- [Data shown]
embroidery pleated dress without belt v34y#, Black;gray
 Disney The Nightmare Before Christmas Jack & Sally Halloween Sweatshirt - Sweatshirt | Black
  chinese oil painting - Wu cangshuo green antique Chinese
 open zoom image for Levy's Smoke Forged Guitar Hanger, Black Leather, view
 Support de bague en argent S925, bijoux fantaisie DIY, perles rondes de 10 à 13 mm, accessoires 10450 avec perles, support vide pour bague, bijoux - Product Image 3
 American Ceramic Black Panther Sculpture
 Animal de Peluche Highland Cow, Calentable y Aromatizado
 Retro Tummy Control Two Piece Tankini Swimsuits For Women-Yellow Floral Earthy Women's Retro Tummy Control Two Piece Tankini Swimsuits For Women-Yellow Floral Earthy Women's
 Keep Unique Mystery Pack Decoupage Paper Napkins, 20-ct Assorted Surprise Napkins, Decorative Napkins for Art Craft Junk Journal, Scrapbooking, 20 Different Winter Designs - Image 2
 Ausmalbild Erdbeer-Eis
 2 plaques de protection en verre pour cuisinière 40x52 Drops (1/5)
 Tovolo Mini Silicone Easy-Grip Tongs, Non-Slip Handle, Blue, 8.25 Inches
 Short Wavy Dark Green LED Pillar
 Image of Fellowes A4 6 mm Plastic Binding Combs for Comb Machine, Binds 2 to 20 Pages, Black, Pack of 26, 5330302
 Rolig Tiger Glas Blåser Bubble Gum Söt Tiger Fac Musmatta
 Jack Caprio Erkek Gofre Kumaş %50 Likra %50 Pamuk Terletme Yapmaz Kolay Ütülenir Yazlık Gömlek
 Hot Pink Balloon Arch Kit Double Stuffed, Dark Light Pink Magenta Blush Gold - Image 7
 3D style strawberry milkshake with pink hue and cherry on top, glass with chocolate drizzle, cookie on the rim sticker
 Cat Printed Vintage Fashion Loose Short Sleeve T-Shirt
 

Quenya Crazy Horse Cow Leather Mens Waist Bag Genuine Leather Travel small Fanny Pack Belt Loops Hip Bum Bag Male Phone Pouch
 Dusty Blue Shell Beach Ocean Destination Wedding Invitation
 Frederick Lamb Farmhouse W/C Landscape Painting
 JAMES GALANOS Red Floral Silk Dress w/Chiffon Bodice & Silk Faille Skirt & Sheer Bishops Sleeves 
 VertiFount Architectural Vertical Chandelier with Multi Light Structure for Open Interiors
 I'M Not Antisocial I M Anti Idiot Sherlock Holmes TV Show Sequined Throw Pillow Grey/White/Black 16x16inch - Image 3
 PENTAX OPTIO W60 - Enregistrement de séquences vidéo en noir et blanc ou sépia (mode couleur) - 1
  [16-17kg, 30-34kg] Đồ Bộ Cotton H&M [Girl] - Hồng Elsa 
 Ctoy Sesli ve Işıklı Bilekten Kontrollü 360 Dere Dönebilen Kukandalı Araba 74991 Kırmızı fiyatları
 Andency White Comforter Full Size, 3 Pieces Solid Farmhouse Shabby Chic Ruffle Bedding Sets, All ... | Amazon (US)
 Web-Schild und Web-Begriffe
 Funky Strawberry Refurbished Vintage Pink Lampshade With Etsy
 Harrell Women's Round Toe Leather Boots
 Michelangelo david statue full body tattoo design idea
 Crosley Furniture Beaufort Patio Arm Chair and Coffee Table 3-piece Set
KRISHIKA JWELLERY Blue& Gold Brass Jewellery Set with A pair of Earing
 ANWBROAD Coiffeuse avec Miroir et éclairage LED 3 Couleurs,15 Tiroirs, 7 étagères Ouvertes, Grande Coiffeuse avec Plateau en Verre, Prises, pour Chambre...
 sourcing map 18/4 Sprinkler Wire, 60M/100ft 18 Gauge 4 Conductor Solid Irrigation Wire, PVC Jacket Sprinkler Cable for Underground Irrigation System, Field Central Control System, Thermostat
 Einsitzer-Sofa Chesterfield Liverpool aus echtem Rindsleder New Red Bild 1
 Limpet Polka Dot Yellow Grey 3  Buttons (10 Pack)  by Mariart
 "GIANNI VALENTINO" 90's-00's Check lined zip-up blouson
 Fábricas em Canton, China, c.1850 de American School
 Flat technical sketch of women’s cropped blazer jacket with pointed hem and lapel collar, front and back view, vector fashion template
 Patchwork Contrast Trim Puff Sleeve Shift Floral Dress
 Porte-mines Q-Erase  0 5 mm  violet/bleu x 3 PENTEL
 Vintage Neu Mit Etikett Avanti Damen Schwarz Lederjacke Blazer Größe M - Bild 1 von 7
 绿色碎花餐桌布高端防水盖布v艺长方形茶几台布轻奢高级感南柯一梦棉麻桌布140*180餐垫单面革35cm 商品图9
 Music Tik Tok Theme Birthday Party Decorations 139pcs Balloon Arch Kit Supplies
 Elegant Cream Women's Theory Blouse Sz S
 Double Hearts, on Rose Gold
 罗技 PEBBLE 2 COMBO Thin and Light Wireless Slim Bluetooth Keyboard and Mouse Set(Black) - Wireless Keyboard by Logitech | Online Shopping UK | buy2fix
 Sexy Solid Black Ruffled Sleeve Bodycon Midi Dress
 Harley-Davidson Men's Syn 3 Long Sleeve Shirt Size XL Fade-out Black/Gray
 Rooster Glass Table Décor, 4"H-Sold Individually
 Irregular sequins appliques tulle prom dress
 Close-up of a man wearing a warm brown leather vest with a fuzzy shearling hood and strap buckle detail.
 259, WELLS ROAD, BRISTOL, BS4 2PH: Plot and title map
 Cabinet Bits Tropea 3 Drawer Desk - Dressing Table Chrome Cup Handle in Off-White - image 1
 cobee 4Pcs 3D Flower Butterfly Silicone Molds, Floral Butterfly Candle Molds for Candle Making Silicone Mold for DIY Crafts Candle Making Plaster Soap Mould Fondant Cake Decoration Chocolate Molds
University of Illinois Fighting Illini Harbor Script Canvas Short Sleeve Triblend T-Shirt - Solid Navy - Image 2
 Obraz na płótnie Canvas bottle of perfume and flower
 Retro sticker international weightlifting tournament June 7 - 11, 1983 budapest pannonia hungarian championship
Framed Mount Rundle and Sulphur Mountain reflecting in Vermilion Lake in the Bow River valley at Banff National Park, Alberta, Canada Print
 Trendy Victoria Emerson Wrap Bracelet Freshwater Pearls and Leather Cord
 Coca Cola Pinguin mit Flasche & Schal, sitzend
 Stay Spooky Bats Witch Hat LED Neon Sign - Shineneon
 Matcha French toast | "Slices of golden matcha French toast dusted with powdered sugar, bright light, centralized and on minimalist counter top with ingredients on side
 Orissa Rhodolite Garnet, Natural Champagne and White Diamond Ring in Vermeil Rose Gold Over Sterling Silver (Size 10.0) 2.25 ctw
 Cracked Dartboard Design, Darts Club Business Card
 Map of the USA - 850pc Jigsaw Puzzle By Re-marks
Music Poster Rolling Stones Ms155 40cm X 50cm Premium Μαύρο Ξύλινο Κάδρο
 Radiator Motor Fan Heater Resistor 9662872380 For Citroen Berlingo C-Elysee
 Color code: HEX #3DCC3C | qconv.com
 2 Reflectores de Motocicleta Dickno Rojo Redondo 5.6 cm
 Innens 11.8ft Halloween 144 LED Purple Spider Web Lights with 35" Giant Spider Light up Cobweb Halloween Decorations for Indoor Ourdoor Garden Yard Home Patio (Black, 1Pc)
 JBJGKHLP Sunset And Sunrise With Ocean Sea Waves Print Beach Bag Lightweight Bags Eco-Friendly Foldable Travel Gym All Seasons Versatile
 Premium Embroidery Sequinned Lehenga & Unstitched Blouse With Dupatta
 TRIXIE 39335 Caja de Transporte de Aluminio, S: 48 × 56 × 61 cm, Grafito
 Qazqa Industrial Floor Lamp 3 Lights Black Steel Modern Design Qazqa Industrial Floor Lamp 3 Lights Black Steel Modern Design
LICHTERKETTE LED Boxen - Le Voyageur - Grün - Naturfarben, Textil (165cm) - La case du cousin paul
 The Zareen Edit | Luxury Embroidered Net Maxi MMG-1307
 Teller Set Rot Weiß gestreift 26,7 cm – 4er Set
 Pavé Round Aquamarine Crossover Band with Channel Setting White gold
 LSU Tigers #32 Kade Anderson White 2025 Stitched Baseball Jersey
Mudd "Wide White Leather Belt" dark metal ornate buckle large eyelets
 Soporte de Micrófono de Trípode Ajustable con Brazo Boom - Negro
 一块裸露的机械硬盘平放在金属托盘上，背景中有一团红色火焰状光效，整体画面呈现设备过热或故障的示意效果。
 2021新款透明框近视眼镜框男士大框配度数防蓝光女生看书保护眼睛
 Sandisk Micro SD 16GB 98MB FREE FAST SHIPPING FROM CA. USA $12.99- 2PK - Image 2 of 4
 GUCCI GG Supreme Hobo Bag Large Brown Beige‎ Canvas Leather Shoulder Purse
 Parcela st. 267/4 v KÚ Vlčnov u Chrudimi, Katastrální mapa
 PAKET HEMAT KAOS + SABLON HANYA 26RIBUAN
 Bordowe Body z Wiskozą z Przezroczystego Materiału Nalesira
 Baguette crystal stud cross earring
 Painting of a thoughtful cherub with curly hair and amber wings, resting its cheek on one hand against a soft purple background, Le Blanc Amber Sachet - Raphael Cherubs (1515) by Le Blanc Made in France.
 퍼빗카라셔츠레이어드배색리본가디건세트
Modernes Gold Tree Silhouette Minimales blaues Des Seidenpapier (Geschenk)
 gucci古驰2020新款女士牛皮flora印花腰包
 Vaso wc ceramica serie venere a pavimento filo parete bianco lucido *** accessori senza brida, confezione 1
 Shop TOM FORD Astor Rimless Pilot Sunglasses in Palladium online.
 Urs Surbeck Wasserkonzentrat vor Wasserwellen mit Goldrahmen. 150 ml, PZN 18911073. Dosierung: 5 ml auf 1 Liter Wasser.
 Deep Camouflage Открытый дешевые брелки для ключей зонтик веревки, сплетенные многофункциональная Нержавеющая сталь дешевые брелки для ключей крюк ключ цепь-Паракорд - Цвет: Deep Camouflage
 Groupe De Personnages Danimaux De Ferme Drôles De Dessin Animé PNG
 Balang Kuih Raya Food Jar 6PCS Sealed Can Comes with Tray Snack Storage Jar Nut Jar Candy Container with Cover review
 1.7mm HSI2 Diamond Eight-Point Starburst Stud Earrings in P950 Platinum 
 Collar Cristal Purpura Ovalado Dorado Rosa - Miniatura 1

- [Prompt]
Exactly as written, repeat the lines from the start of the listing through the line containing "Short Wavy Dark Green LED Pillar", both included.

- [Answer to this task]
embroidery pleated dress without belt v34y#, Black;gray
 Disney The Nightmare Before Christmas Jack & Sally Halloween Sweatshirt - Sweatshirt | Black
  chinese oil painting - Wu cangshuo green antique Chinese
 open zoom image for Levy's Smoke Forged Guitar Hanger, Black Leather, view
 Support de bague en argent S925, bijoux fantaisie DIY, perles rondes de 10 à 13 mm, accessoires 10450 avec perles, support vide pour bague, bijoux - Product Image 3
 American Ceramic Black Panther Sculpture
 Animal de Peluche Highland Cow, Calentable y Aromatizado
 Retro Tummy Control Two Piece Tankini Swimsuits For Women-Yellow Floral Earthy Women's Retro Tummy Control Two Piece Tankini Swimsuits For Women-Yellow Floral Earthy Women's
 Keep Unique Mystery Pack Decoupage Paper Napkins, 20-ct Assorted Surprise Napkins, Decorative Napkins for Art Craft Junk Journal, Scrapbooking, 20 Different Winter Designs - Image 2
 Ausmalbild Erdbeer-Eis
 2 plaques de protection en verre pour cuisinière 40x52 Drops (1/5)
 Tovolo Mini Silicone Easy-Grip Tongs, Non-Slip Handle, Blue, 8.25 Inches
 Short Wavy Dark Green LED Pillar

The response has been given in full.